[[ Records provided open ]]

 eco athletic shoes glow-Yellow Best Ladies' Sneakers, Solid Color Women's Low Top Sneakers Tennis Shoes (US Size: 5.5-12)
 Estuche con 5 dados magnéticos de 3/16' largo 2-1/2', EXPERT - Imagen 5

[[ Records provided closed ]]
[[ Records provided open ]]

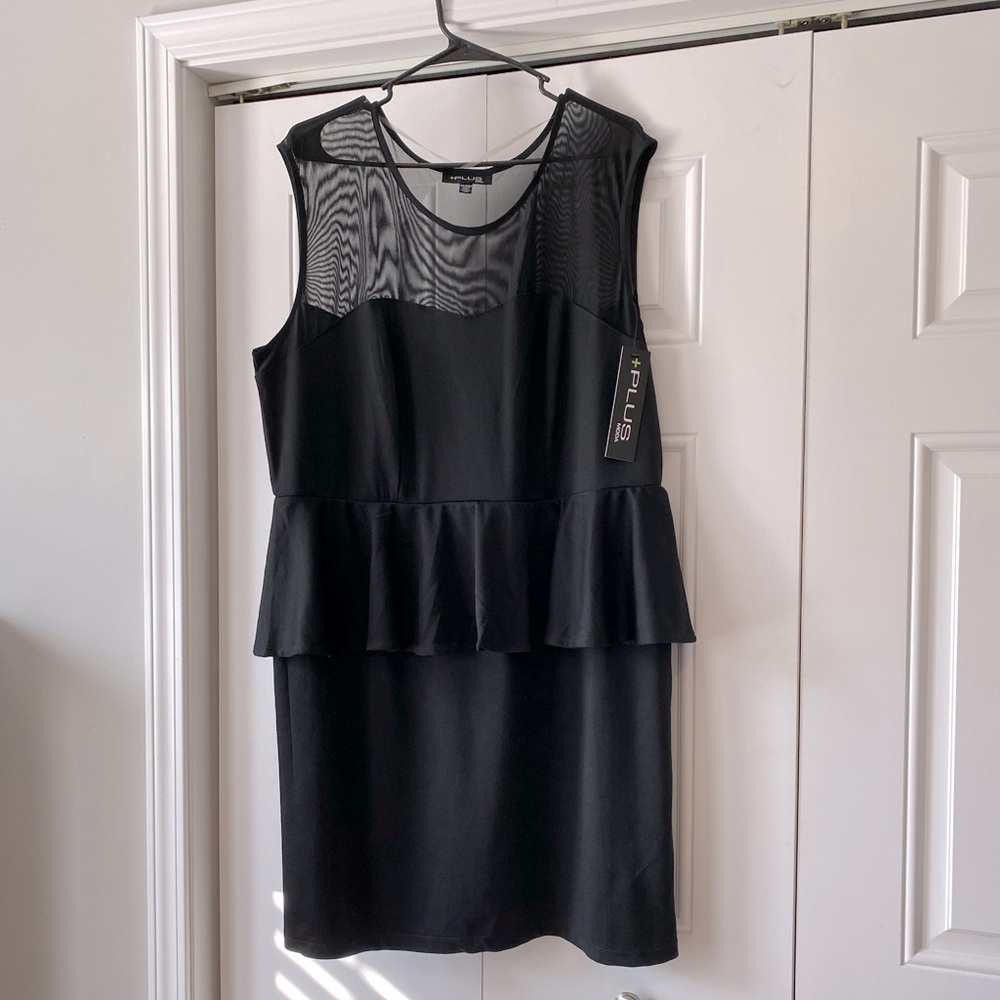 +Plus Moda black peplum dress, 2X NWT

[[ Records provided closed ]]

Copy out the range of lines above starting at the line with "eco athletic shoes" and ending at the line with "Estuche con 5", exactly and including both.

 eco athletic shoes glow-Yellow Best Ladies' Sneakers, Solid Color Women's Low Top Sneakers Tennis Shoes (US Size: 5.5-12)
 Estuche con 5 dados magnéticos de 3/16' largo 2-1/2', EXPERT - Imagen 5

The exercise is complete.